On a recent spring day, Leo Brandstatter, a veteran marketing executive, spent 15 minutes walking around his Midtown office — past rows of desks, past the conference room, past the water cooler — in total darkness.
With an opaque foam rubber mask covering his eyes, he stood up, turned around and tried to maneuver his way in familiar surroundings. “It’s surprisingly difficult,” he said.
Brandstatter, who is sighted, participated in the “sensory exercise,” under the guidance of an official of the Dark Dining Projects organization, to prepare for a meal that will be served on Sunday, 10 a.m., at Fifth Avenue Synagogue, sponsored by the New York office of The Jerusalem Institute for the Blind, where he has worked as executive director since 2012 (email@example.com, 5 E. 62nd St., Manhattan).
Diners at the “Blackout Brunch,” a consciousness-raiser and fundraiser for the Institute (jewishblind.org), will wear a lightweight blindfolds throughout the hour-long, kosher dairy meal, to experience what it feels like to eat a meal that they don’t see. One sighted person will be at each table to help out.

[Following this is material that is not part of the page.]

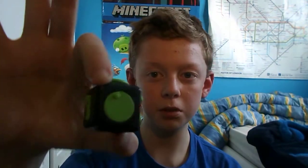Hey guys, it's Callum Ravley here. I'm sorry for the long wait, but this is going to be a review on the Fidget Cube.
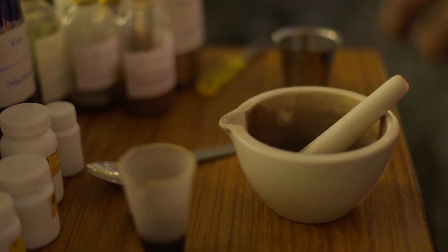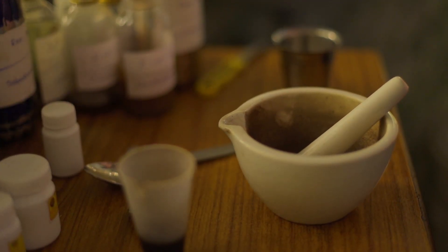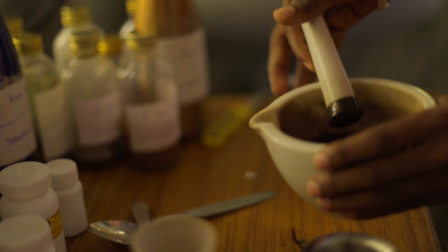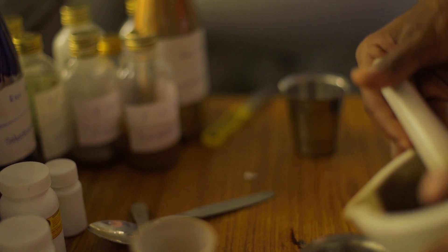The medicine for Udvartanam is prepared by mixing selected herbal powders with medicated oils to make a consistent paste. This paste is then warmed up and applied over the body of the patient after oil application.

“I would like them to gain a better understanding of what it means to be blind,” Brandstatter said. “I would like them to have a fun time and an inspiring time.”

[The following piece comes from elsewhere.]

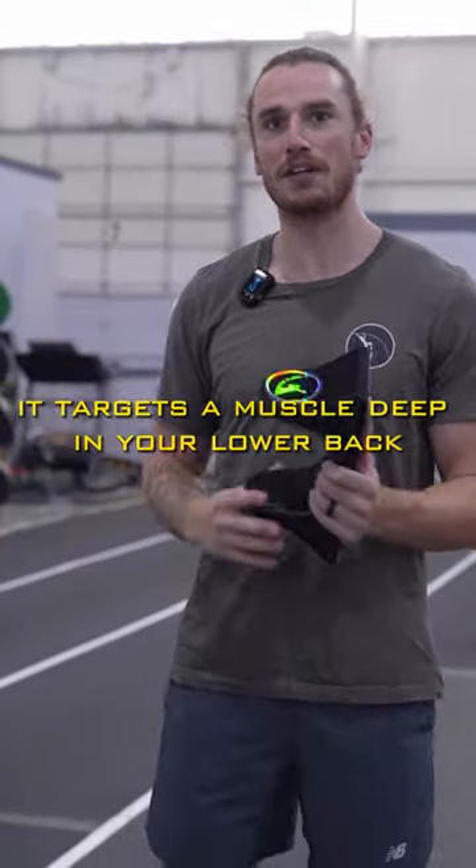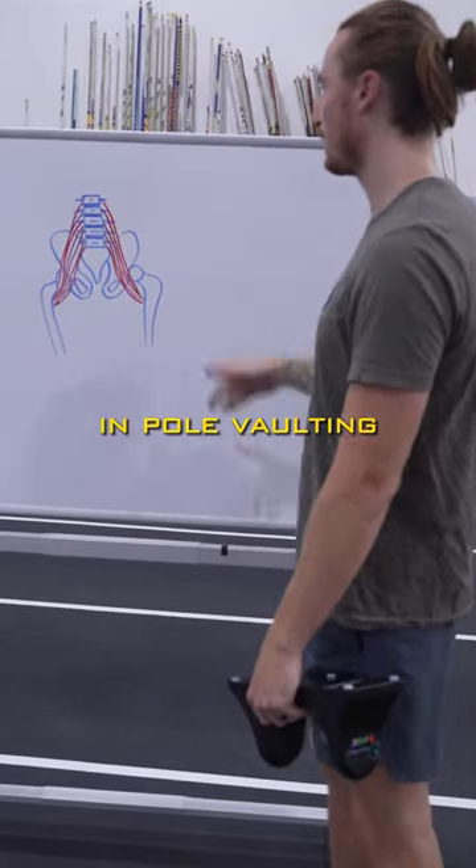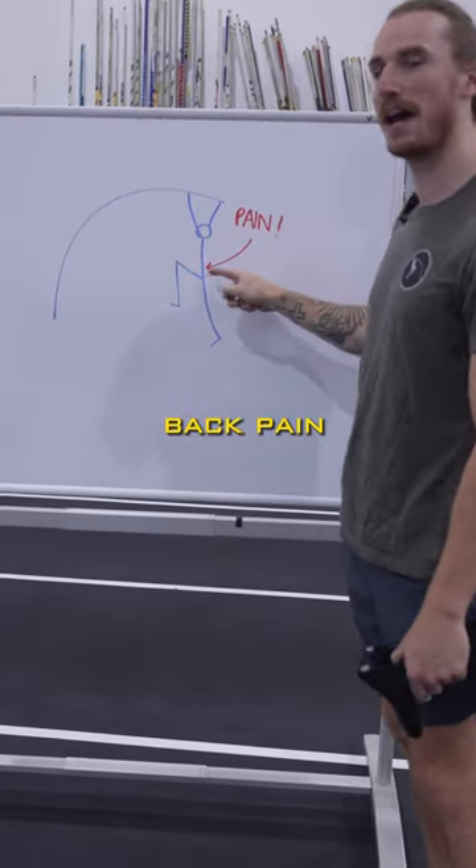It targets a muscle deep in your lower back called the psoas. The psoas is often overused in pole vaulting because it helps put our hips into flexion. That overuse causes us back pain.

He said the meal-in-the-dark was suggested by Judith Jelen, JIB vice president, and patterned after similar “Dialogue In The Dark” experiences — including a tour in “complete darkness” — offered by the Israeli Children’s Museum, in Holon. He took part in one of the Holon tours. “I found it very inspiring … a very important part of my training [for his current job].”
Another Israeli institution, the Nalaga’at Center (nalagaat.org.il) in Jaffa, runs BlackOut restaurant, where meals are served in a totally darkened room by a blind wait staff.
The deaf-blind acting troupe of the Nalaga’at Center appeared at New York University’s Skirball Center for the Performing Arts in 2013; the actors in “Not By Bread Alone” performed in near silence while kneading dough into loaves of bread. A pre-show dinner offered audience members a chance to eat in the dark.
Sunday’s brunch will be the first major event sponsored by the New York office of JIB, a 114-year-old agency (formerly known as the Jewish Institute for the Blind), which serves as a home, school, and sports center venue for hundreds of blind and visually impaired Israelis and their families.
The Institute, which receives limited government funding, trains the blind to lead independent lives, Brandstatter said. “Our goal is to help people who are [initially] basically dependent become people whom [sighted] people turn to for help.”